WASHINGTON—The National Health Law Program (NHeLP) sent a letter to Senators Ron Wyden and Chuck Grassley supporting the Senate Finance Committee’s investigation into high prices for hepatitis C prescription drugs and barriers to access for Medicaid beneficiaries. The committee requested public comments in January 2016 on its investigation into biopharmaceutical company Gilead and Sovaldi and Harvoni, Gilead’s breakthrough hepatitis C treatments.
“As we have seen with HIV treatments, drug company profiteering and high costs prevent people from getting the care they need,” said Wayne Turner, NHeLP staff attorney who led the successful 2014 HIV anti-discrimination complaint against four insurance companies. “When people with chronic diseases like hepatitis C are unable to afford treatments due to state restrictions or discriminating company policies, federal action is necessary.”

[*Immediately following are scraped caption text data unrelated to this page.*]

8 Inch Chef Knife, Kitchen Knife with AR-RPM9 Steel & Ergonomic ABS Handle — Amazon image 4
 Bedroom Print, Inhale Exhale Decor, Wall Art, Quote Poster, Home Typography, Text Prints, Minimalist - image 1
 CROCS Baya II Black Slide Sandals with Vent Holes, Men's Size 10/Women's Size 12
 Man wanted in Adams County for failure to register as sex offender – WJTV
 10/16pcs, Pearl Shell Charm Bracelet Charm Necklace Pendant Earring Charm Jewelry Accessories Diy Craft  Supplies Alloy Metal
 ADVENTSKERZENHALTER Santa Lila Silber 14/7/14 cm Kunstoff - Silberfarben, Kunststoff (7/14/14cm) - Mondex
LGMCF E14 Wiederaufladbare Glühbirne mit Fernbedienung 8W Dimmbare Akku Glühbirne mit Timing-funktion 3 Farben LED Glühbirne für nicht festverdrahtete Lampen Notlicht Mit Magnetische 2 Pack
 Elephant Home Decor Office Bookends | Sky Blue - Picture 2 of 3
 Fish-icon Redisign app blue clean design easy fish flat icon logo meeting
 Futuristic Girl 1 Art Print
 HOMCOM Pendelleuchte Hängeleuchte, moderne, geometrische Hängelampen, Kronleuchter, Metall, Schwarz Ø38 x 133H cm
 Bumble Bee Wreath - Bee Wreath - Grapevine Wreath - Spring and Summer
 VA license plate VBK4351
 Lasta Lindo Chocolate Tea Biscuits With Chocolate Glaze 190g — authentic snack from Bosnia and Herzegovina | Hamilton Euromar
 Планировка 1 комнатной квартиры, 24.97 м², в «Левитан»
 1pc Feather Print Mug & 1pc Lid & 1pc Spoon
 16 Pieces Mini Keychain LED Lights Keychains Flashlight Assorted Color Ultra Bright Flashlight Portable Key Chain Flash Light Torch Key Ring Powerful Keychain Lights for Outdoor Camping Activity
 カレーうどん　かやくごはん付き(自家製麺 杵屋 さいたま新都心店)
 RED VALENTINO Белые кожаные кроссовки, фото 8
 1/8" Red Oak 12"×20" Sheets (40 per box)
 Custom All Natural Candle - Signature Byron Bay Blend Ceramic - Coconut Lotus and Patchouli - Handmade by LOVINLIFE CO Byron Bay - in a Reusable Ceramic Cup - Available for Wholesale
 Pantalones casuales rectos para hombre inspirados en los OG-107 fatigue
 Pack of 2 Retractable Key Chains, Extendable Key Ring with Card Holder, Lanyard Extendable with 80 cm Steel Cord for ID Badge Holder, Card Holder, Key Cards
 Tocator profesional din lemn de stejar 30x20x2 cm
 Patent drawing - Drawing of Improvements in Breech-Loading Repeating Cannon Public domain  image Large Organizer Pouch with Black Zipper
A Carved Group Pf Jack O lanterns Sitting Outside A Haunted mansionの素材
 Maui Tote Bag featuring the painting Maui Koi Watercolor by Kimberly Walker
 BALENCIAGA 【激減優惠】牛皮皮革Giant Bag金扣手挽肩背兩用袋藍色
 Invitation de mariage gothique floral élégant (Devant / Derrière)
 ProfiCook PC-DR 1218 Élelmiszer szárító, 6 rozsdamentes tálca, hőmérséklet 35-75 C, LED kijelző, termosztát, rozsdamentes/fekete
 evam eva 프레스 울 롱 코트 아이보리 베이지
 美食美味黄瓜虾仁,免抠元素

In 2014, The AIDS Institute and NHeLP filed a complaint with the U.S. Department of Health and Human Services’ Office for Civil Rights (OCR) charging four Florida health plans with unlawful discrimination against people living with HIV and AIDS by placing all HIV medications, including generics, on the highest cost sharing tier, thus requiring enrollees to pay as much as 50 percent co-insurance for every HIV drug. In the complaint, the groups contend that such practices discourage people with HIV/AIDS from enrolling in the plans and violate the Affordable Care Act’s (ACA) non-discrimination provisions. The ACA bans plans from discriminating against individuals based upon disability and prohibits them from discouraging enrollment by people with significant health needs.
“Since the passage of the Affordable Care Act, we have monitored Medicaid enrollment efforts across the country to ensure states are making every effort to help residents obtain adequate health insurance coverage, which should include affordable prescription drugs,” said Jane Perkins, NHeLP legal director. “Restrictions on breakthrough treatments are blatantly illegal and violate federal Medicaid requirements and the ACA’s non-discrimination provisions.”
“Low-income individuals so often are the most in need of breakthrough treatments and are the least likely to afford them,” said Abbi Coursolle, NHeLP staff attorney. “It is inherently unfair for Medicaid beneficiaries to be both denied treatments simply because they are expensive and unable to afford the two most widely used medications because of the company mark-up.”